__WHAT YOU HAVE TO DO__. Starting with the line that has "Going to the" in the records below and stopping after the line that has "Now let's look", output every line exactly and nothing else; skip pictures.
══ ENTRIES SHOWN
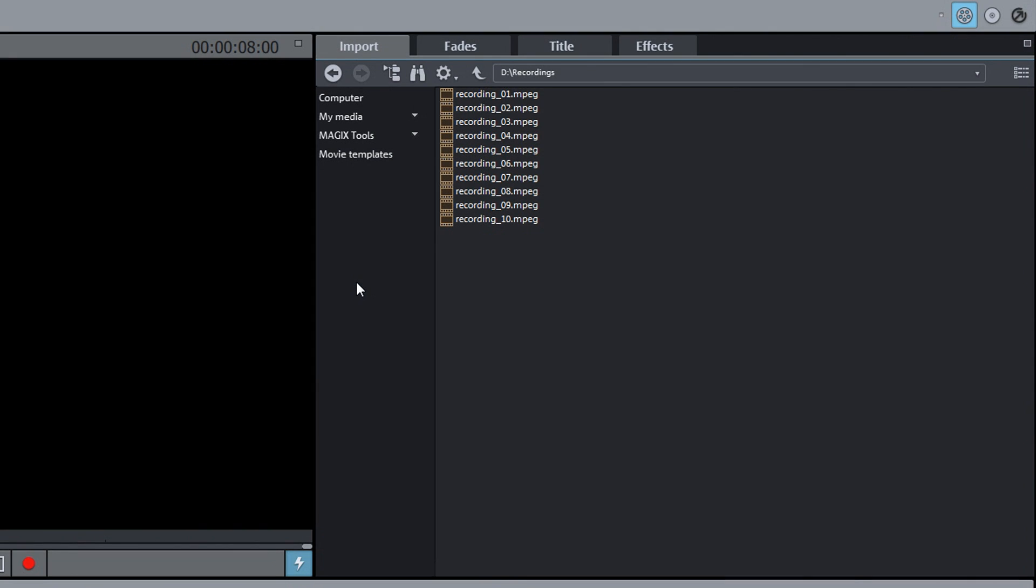Video, audio and photo files are imported through the media pool. Moving the mouse pointer over a file name displays a small import window.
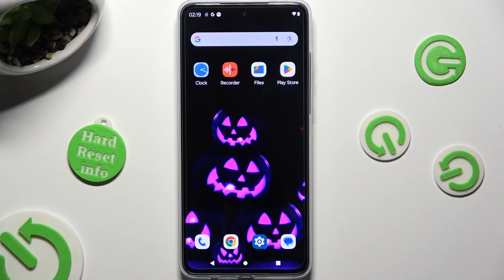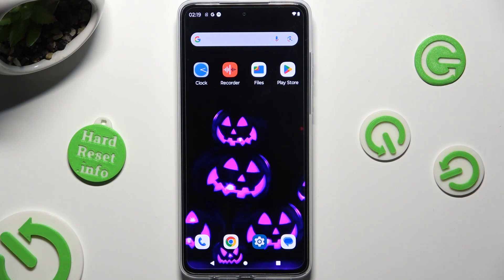Hi, in front of me is Motorola Moto G84 and today I would like to show you how you can remove Google search bar from home screen.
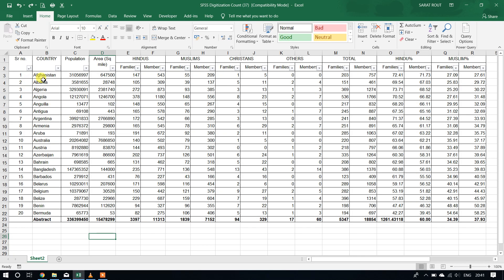Friends, this is one Excel sheet. In this Excel sheet, there are some columns like serial number, country, population, area in square miles, Hindu population, Muslims, Christians, and other religion people. There is also total population of religion population, Hindu percentage, Muslim percentage. All the columns are divided into two parts like family and member, total member.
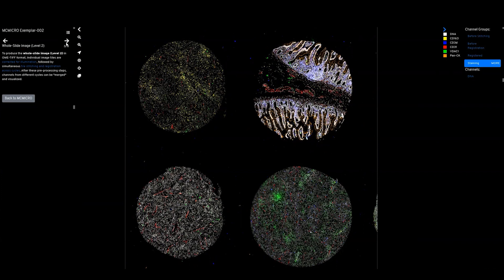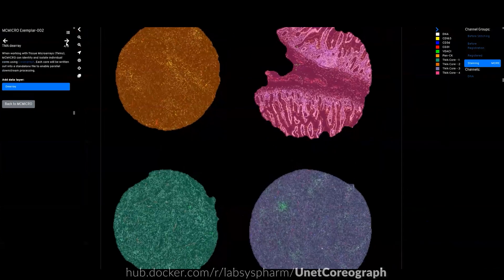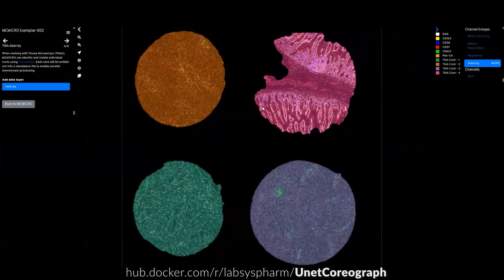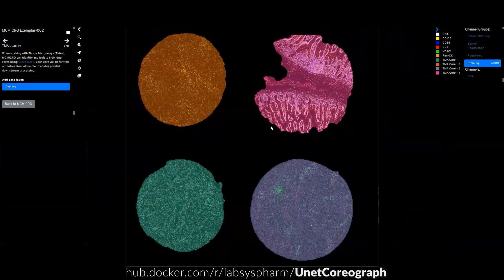An optional step for tissue microarrays is to split your cores into separate files for parallel processing.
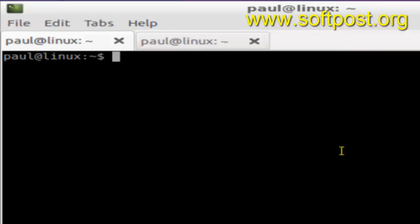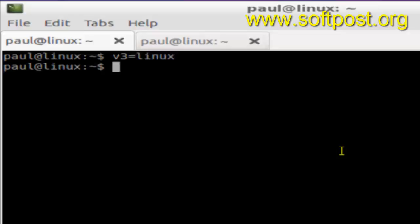To create a local variable, all you have to do is give the name of the variable, say v3, and then give the value of that variable, say Linux, and hit enter. So I have created this v3.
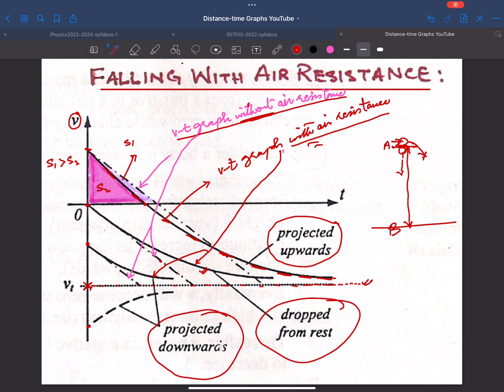In the next lecture we will discuss other aspects of kinematics. Today we will also look at animations of these graphs — the velocity-time graph and corresponding acceleration-time and displacement-time graphs.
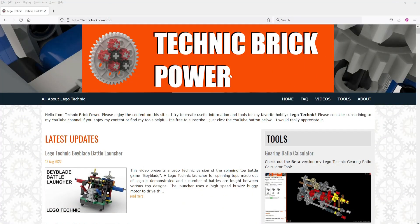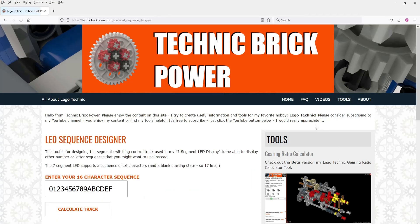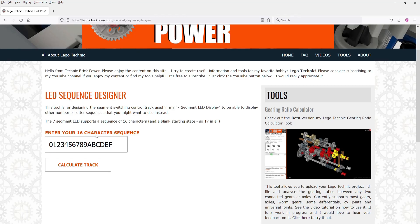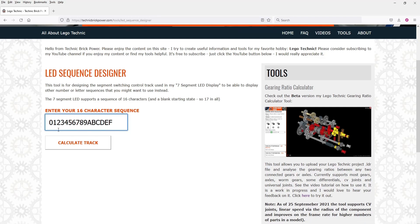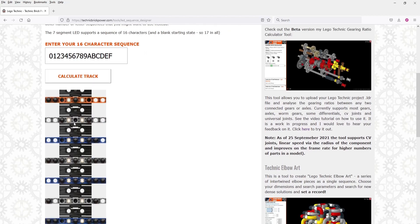That was the demonstration of the 7-segment LED panel counting up from 0 to F in hexadecimal. In order to calculate the track for the 7-segment LED display, I've written a special tool — head over to my website techniquebrickpower.com, look at tools, and go to the LED Sequence Designer. What this designer allows you to do is type in a sequence of up to 16 different characters. For example, I've already filled in the hexadecimal sequence from 0 to 9 and then A, B, C, D, E and F. Then you just push Calculate Track and it will go ahead and calculate the track for you.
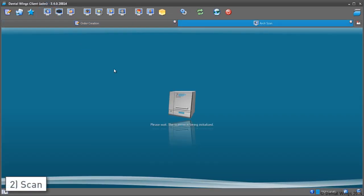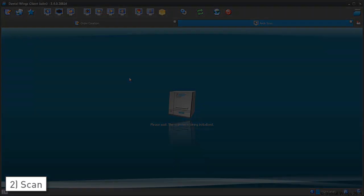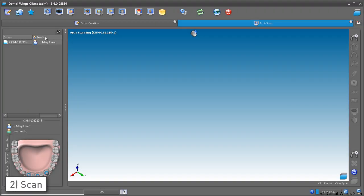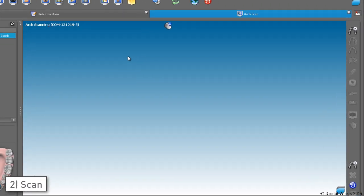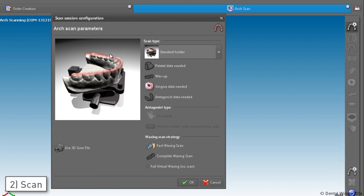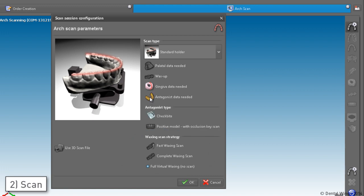Next, open the arch scan station and drag the order into the main view to initiate the scan session. The most important option here is the one that tells DWAS that you don't have a handmade wax-up to scan, but you want the software to create a virtual one.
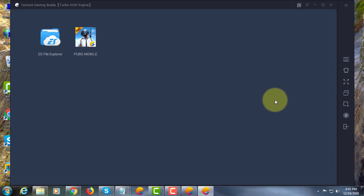Welcome viewer, I am Murigan S. This video tutorial describes how to uninstall or remove games from Tencent Gaming Buddy.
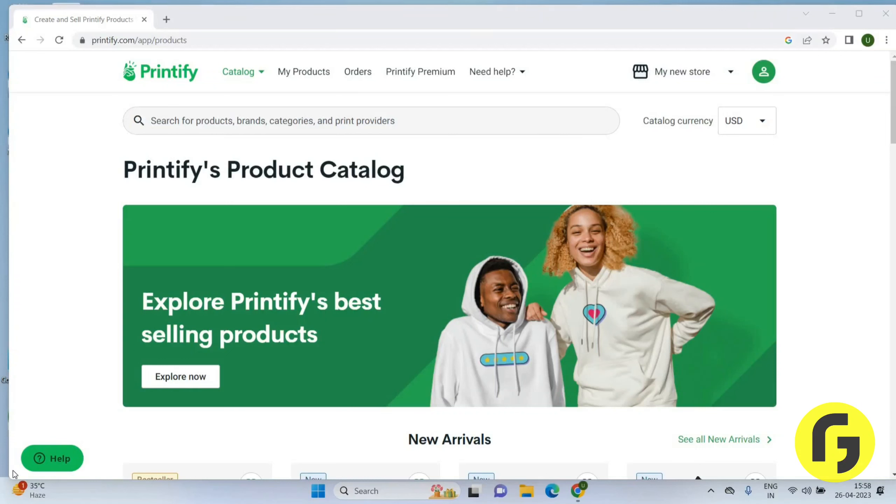Welcome back again, I hope you all are doing good. In this video we will learn how we can add a new store on Printify. Let's get started. Once you open Printify, you will get this page here.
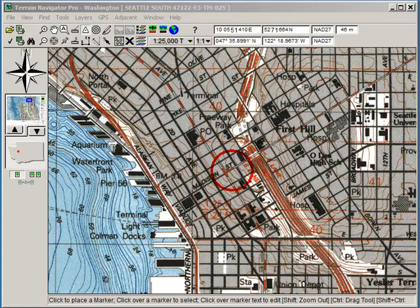Hi, this is Rick Hood of Navigation Northwest. I wanted to share with you for the next few minutes some of the features of Terrain Navigator Pro by MyTopo that are useful and relevant for SAR operations.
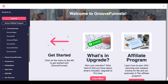Even inside your free account, which currently includes GroovePages, GrooveSell, and GrooveAffiliate, you now have access to GrooveVideo. Link in the description — if you don't have a free account yet, go ahead, click on that link, sign up, get your free GrooveFunnels account, and follow along.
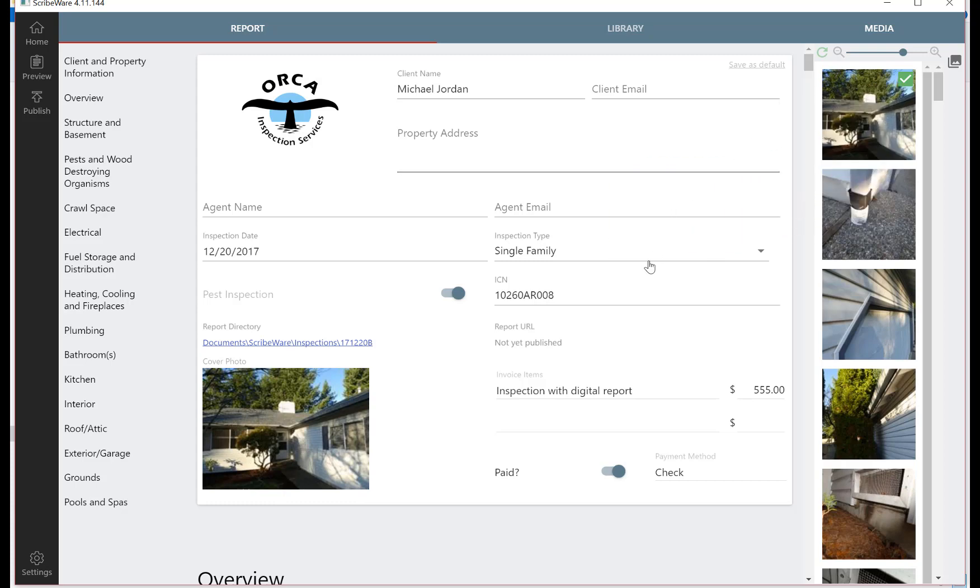That kind of gets you caught up here on how we're all ready to do an inspection report. Now we've got our client property information page filled out, we got our cover page on here, and the next video we'll go over making observations. Thanks for watching.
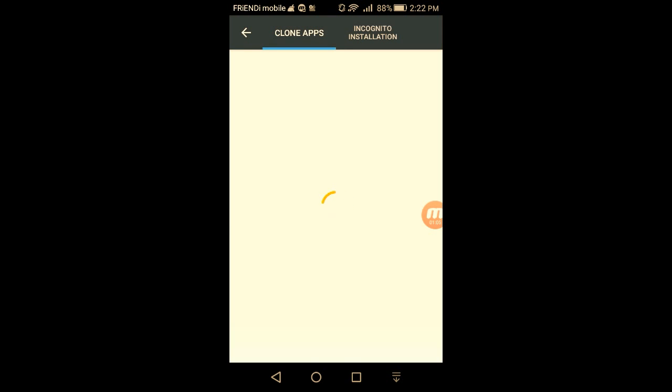As you can see in the clone apps section, it's loading. First time it may take a while to open.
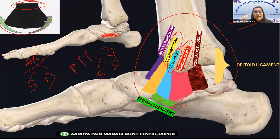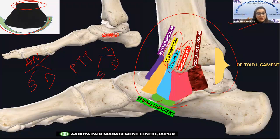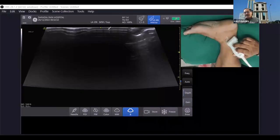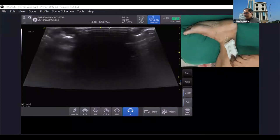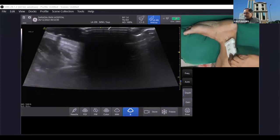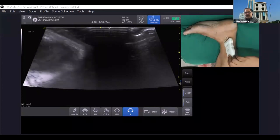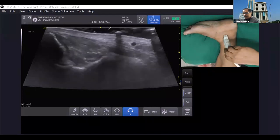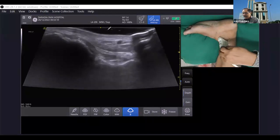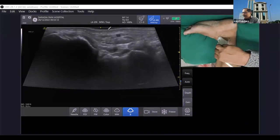Going to the deep layer, you have the tibio-talar ligaments, which have a superficial component and a deep component. Regarding probe positioning: the proximal part with the aspect marker should be over the medial malleolus, then rotate it in a fan-shaped manner anteriorly toward the navicular bone, starting with the calcaneum and moving anteriorly.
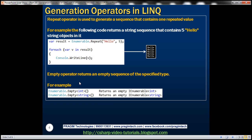Now let's look at the Repeat operator. This Repeat operator is used to generate a sequence that contains one repeated value. The Repeat method is present in the Enumerable class and has two parameters as well. The first parameter is the value to be repeated within the resultant sequence, and the second parameter is how many times to repeat it. For example, passing "hello" and 5 returns an IEnumerable of string containing the word "hello" five times. When we loop through each element and write it to the console, we get "hello" printed five times.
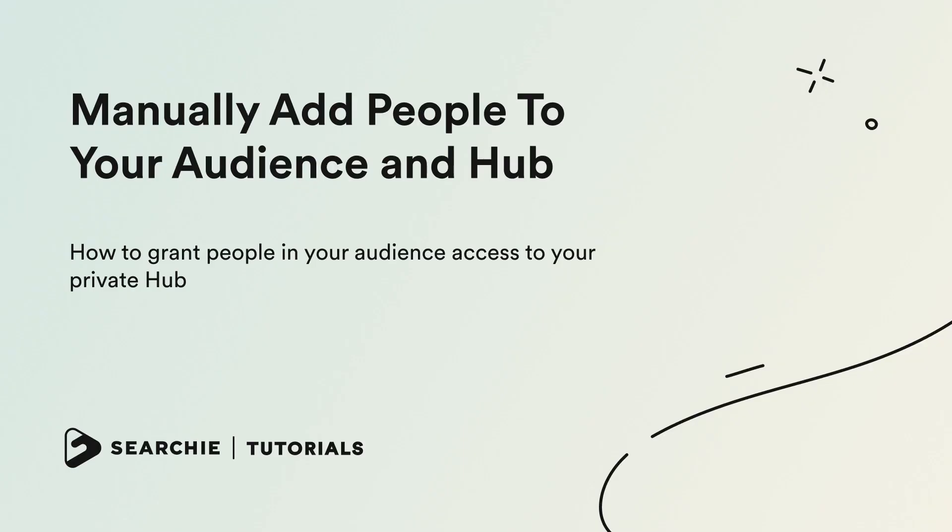In this video we're going to show you how to manually add people to your audience and hub. Grant your audience members access to your private hub after creating their profile manually.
════
__WORKED SOLUTION__.
Going to the deep layer, you have the tibio-talar ligaments, which have a superficial component and a deep component. Regarding probe positioning: the proximal part with the aspect marker should be over the medial malleolus, then rotate it in a fan-shaped manner anteriorly toward the navicular bone, starting with the calcaneum and moving anteriorly.
Now let's look at the Repeat operator. This Repeat operator is used to generate a sequence that contains one repeated value. The Repeat method is present in the Enumerable class and has two parameters as well. The first parameter is the value to be repeated within the resultant sequence, and the second parameter is how many times to repeat it. For example, passing "hello" and 5 returns an IEnumerable of string containing the word "hello" five times. When we loop through each element and write it to the console, we get "hello" printed five times.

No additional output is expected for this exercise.